Questi nuovi raid stanno ab/usando delle opere d’arte celebri, scelte per eclatanza, con una nuova e diversa carica aggressiva: stavolta nessun vetro, nessun diaframma si interpone tra lo sfregio e l’opera; si agisce ‘al vivo’ (con la certezza del danno) sul corpo stesso dell’opera alla quale non si riconosce più alcuna vitalità estetica, spirituale, persino “erotica”: lo stesso principio “politico” [in rapporto proporzionale] con cui la mafia ordinò l’attentato dinamitardo al padiglione di Arte contemporanea di via Palestro, a Milano (con l’obiettivo di punire l’opera d’arte, per una dinamica estorsiva, in termini psicologici e patrimoniali, proveniente da contesti estranei all’arte: perlomeno lì la ‘filiera’ del male era garantita “in coerenza”; qui si vorrebbe veicolare il messaggio positivo e le urgenze ambientali attraverso la negatività di un’azione di sfregio).

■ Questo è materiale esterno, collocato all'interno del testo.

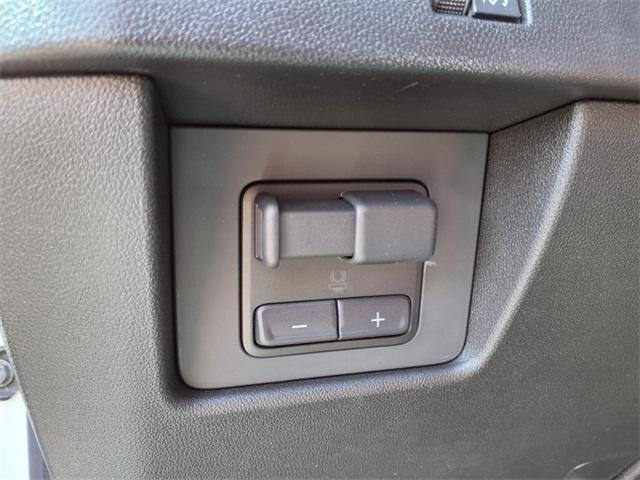 new 2025 Chevrolet Colorado car, priced at $46,090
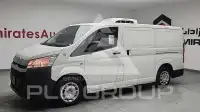 2022 Toyota Hiace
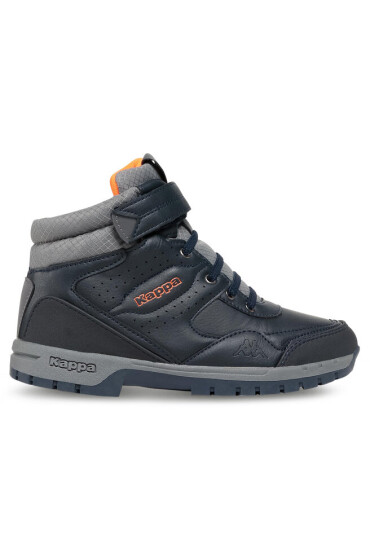 Kappa Зимни обувки 260732T Navy/Coral 6729 - Mera.bg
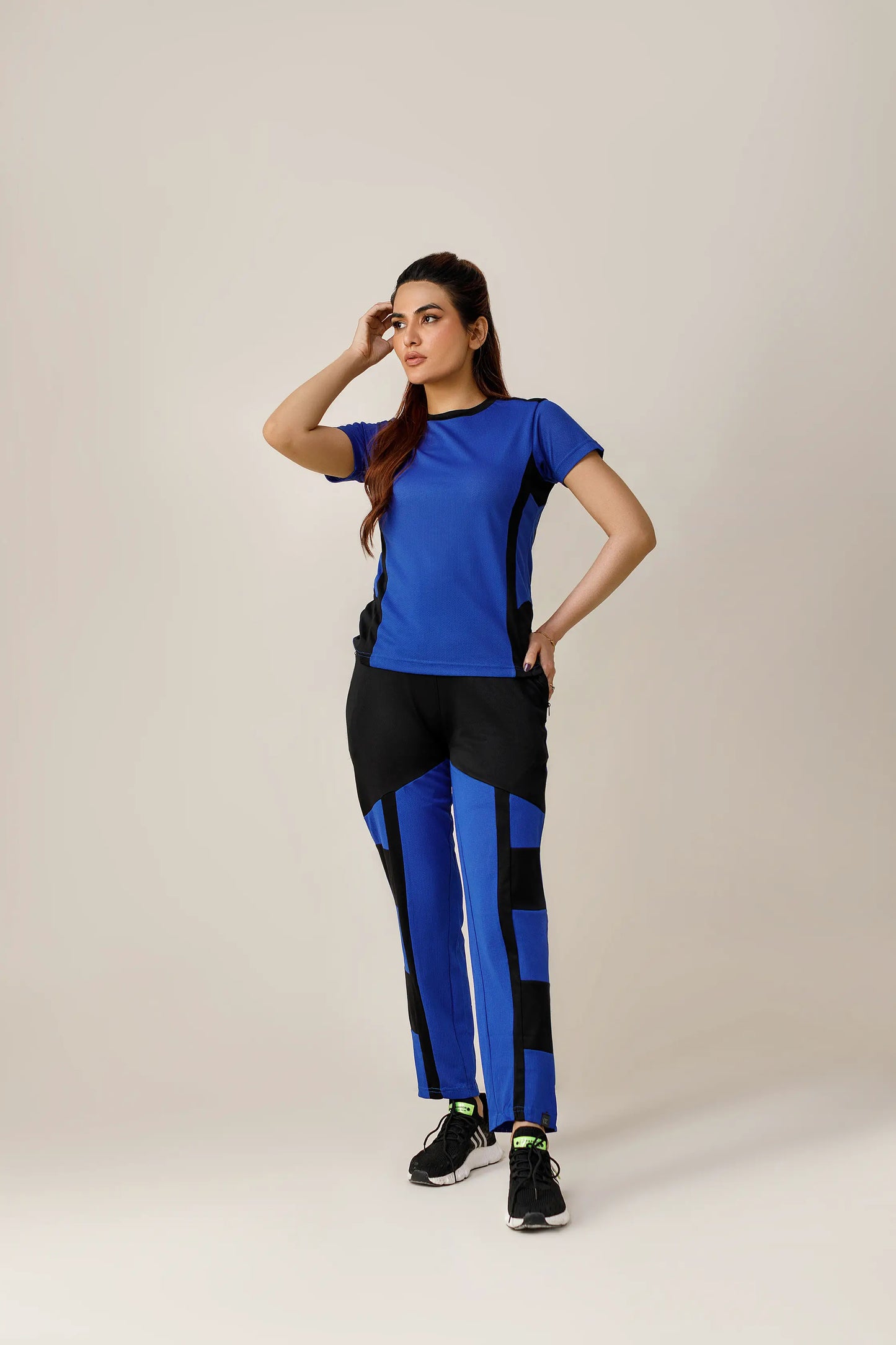 Activewear pack of 2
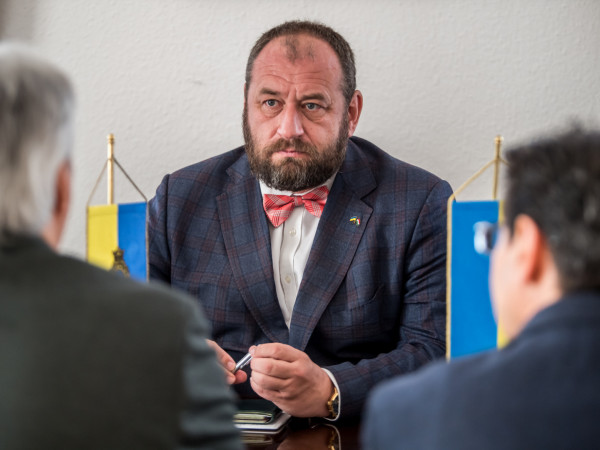 Fotó: Isza Ferenc / Szentendre.hu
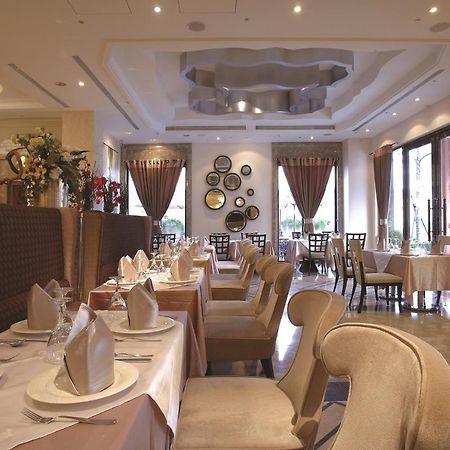 เบลเลซซา ไทเป โฮเต็ล Hotel ภายนอก รูปภาพ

Ecco perché questa specifica concezione dell’antagonismo ambientalista non sta funzionando e non può funzionare.
Le opere d’arte come ostaggi
A quanti, fuori e dentro al mondo dell’arte, con facilità sacrificherebbero all’attivismo radicale le opere d’arte celebri ‘come ostaggi’ (è arbitrario usare oggi questi termini, lo so) dico no.
Se vogliamo, invece, ridiscutere del portato borghese dell’arte (l’antica tesi di Proudhon e dell’anarchismo delle origini), ritenendola dunque “da giustiziare”, allora parliamone, ma non possiamo tenere un piede in due scarpe; dobbiamo, in quel caso, essere pronti a sacrificare e deprezzare a tal punto l’opera d’arte da ritenerla (nel mondo contemporaneo), tra tutte le merci imputabili, la più prossima ad essere punita per essere divenuta, per etica ed economia, l’oscuro oggetto del desiderio del capitalismo e della borghesia economica mondiale.